» Assignment: In the records below, find the line with "now online Wall" and the line with "Boho Wall Candle"; return exactly those lines and every line between them.
┌──
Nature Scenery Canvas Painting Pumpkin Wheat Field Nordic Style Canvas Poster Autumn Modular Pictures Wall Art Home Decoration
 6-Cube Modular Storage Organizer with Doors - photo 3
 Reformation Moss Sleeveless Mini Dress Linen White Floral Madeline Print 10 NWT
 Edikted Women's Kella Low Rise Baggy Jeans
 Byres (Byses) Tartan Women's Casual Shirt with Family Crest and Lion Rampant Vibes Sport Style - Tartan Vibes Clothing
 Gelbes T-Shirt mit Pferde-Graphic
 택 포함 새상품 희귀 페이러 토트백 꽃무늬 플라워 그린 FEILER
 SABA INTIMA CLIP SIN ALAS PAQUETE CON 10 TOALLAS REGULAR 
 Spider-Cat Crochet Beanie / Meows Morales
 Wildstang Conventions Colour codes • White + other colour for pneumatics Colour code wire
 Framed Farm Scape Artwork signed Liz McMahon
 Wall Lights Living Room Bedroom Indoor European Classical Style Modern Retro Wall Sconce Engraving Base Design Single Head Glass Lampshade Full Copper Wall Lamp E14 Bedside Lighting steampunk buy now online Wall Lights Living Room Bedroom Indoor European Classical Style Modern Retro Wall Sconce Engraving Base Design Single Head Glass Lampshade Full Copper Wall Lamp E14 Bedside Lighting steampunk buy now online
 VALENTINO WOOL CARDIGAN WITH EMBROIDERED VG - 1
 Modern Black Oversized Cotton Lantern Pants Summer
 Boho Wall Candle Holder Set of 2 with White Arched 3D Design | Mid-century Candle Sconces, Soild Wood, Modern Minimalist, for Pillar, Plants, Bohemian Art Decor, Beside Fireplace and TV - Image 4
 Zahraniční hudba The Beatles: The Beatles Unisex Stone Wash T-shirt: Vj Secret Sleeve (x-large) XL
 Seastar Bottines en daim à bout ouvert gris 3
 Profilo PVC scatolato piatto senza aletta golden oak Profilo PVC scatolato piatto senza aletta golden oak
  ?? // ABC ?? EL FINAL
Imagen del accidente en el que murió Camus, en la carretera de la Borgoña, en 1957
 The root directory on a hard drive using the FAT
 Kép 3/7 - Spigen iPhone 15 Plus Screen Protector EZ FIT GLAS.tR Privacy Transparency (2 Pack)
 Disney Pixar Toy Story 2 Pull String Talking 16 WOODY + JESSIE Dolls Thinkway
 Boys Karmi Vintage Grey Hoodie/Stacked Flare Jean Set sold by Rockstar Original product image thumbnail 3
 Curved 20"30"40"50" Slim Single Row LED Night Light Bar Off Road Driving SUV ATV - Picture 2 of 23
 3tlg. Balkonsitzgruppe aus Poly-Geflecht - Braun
└──
» Task response:
 Wall Lights Living Room Bedroom Indoor European Classical Style Modern Retro Wall Sconce Engraving Base Design Single Head Glass Lampshade Full Copper Wall Lamp E14 Bedside Lighting steampunk buy now online Wall Lights Living Room Bedroom Indoor European Classical Style Modern Retro Wall Sconce Engraving Base Design Single Head Glass Lampshade Full Copper Wall Lamp E14 Bedside Lighting steampunk buy now online
 VALENTINO WOOL CARDIGAN WITH EMBROIDERED VG - 1
 Modern Black Oversized Cotton Lantern Pants Summer
 Boho Wall Candle Holder Set of 2 with White Arched 3D Design | Mid-century Candle Sconces, Soild Wood, Modern Minimalist, for Pillar, Plants, Bohemian Art Decor, Beside Fireplace and TV - Image 4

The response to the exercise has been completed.